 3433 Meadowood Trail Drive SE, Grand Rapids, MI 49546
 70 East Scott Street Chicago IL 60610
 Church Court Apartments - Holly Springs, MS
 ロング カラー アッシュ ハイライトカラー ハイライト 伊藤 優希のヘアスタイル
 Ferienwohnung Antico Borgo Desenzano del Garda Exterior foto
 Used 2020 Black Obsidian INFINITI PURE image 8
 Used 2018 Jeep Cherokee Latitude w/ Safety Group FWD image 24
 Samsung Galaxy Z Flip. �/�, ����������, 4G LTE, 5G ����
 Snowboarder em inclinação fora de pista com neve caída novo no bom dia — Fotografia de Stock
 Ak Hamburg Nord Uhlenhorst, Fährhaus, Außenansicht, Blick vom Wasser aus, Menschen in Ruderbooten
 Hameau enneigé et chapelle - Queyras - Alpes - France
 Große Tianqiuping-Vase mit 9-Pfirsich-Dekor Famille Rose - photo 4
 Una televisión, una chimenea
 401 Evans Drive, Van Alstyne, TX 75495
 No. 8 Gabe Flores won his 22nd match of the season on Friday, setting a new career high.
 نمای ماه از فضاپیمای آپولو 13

=-=-=-=-=

### Your instructions
Return only the number of lines in the data above that hold the word "Drive".

### Your solution
2